Um certo absentismo de considerações da sociologia da leitura também nos parece preocupante. A contextualização dos actos de leitura parece ser feito num vazio histórico e cultural. Daí a chegar a um divórcio inerente entre o acto de leitura e outros actos – independentemente de se falar da visualidade do próprio texto -, esquecendo que a emergência da literacia universal é algo de muito recente e apenas nas sociedades ocidentalizadas, que a relação profunda entre a imagem e a narração encontra as suas raízes em experiências pré-históricas e mesmo pré-sistemas de escrita ou, se se quiser, do ponto de vista ontogenético, pré-verbais, está um pulinho subtil que não se nota, pois não debatido.

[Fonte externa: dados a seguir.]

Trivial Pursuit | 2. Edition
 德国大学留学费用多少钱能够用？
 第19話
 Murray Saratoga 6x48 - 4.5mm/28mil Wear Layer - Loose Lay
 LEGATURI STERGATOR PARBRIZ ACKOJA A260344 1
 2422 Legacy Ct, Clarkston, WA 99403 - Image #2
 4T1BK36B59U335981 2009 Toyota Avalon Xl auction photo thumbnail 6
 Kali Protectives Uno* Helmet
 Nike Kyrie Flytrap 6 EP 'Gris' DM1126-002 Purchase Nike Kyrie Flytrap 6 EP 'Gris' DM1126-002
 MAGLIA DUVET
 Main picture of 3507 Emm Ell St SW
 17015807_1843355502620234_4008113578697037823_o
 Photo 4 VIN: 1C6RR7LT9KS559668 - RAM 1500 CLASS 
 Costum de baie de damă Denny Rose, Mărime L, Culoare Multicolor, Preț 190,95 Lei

Leitores de livros de leitores como Alberto Manguel e Enrique Villas-Matas conhecem outras estratégias de abordar a “coisa literária”, já para não falar de intelectuais-académicos populares como Calvino, citado, ou Eco, e sem entrar no imenso mundo da narratologia e da teoria literária. Porém, pessoas familiarizadas com os escritos de Wolfgang Iser, Gérard Genette, Mieke Bal e tantos outros, encontrarão aqui apenas “pepitas” isoladas de considerações consabidas, que não trazem um peso mecânico significativo à maquina desejada por Mendelsum. Por exemplo, em dois ou três curtos parágrafos o autor “despacha” a questão da pessoa (primeira pessoa do singular, terceira pessoa, etc.) em relação à perspectiva que se permitiria, sem fazer distinções em perspectiva visual e focalização, por exemplo, que Bal institui e tornou operativa de uma forma significativa. Se entrarmos no campo das relações com a ilustração, a história do livro, do uso do desenho como instrumento de pensamento para a escrita literária – os trabalhos de Jacqueline Sudaka-Bénazéraf sobre Kafka, de Konstantin Barsht sobre Dostoyevski, por exemplo, seriam estimulantes, já para não falarmos de exposições ou publicações dedicadas ao tema -, etc. (muitas das considerações do autor, quando existem imagens, parece ser reduzidas a “redutoras da imaginação” do leitor, o que é algo de extremamente banal), abrir-se-ia o campo da problemática. É difícil, para nós, não ler cada página deste livro sem desejar que houvesse maior desenvolvimento desse pensamento mas também a hipótese de um contraditório de outras fontes.

Muitos dos leitores, críticos ou não, deste livro, assinalam de modo insistente sobre a carreira de Mendelsum enquanto designer de livros, pelas capas que desenhou ou outras das suas funções. Mas não nos parece que apelar ao currículo sem criar linhas de maiores elos com ele seja uma estratégia correcta de leitura. A verdade é que as imagens empregues neste mesmo livro, com algumas excepções de “piadas” bem encontradas, são ligeiras, superficiais ou banais. As traduções de metáforas já bem coçadas (“o jogo da cabra-cega”, o “mapa”, os “caminhos”) em pouco ajudam. Apresentar uma consola de vídeo-jogos e depois associá-las aos hipotéticos “processos” encerrados no Moby Dick de Melville pode parecer interessante à partida, mas se se lhe dedicar alguma tempo de reflexão, tendo em conta que nenhuma explicação dessa analogia é feita, descobrir-se-á ser um exercício vazio, que qualquer outra versão ao acaso não iluminaria (revelando, portanto, a sua falta de eficácia e poder explicativo da obra literária em questão). O mesmo ocorre com os gráficos de “percursos” propostos para os livros de Kafka ou Anna Karénina (uma pobre imitação, e sem humor, das famosas shapes of stories de Vonnegut, que cita nominalmente), tentativa de ir desvendando o rosto de Anna Karénina através dos mais variados símiles (um retrato-robot policial, o rosto de Keira Knightley na adaptação cinematográfica, várias Gibson girls, e por aí fora. Karénina é mesmo o leit-motiv desta pequena obra, o fio vermelho que conduz todas as considerações sobre visualização, e é claro que a sua incompletude e nebulosidade é um ponto forte, uma vez que deve sempre manter-se enquanto promessa no futuro, incitamento à releitura, e não uma descoberta finita.

É uma pena que nebulosidade esteja igualmente presente no pensamento e na sua estrutura.
Nota final: agradecimentos à editora, pelo envio do livro.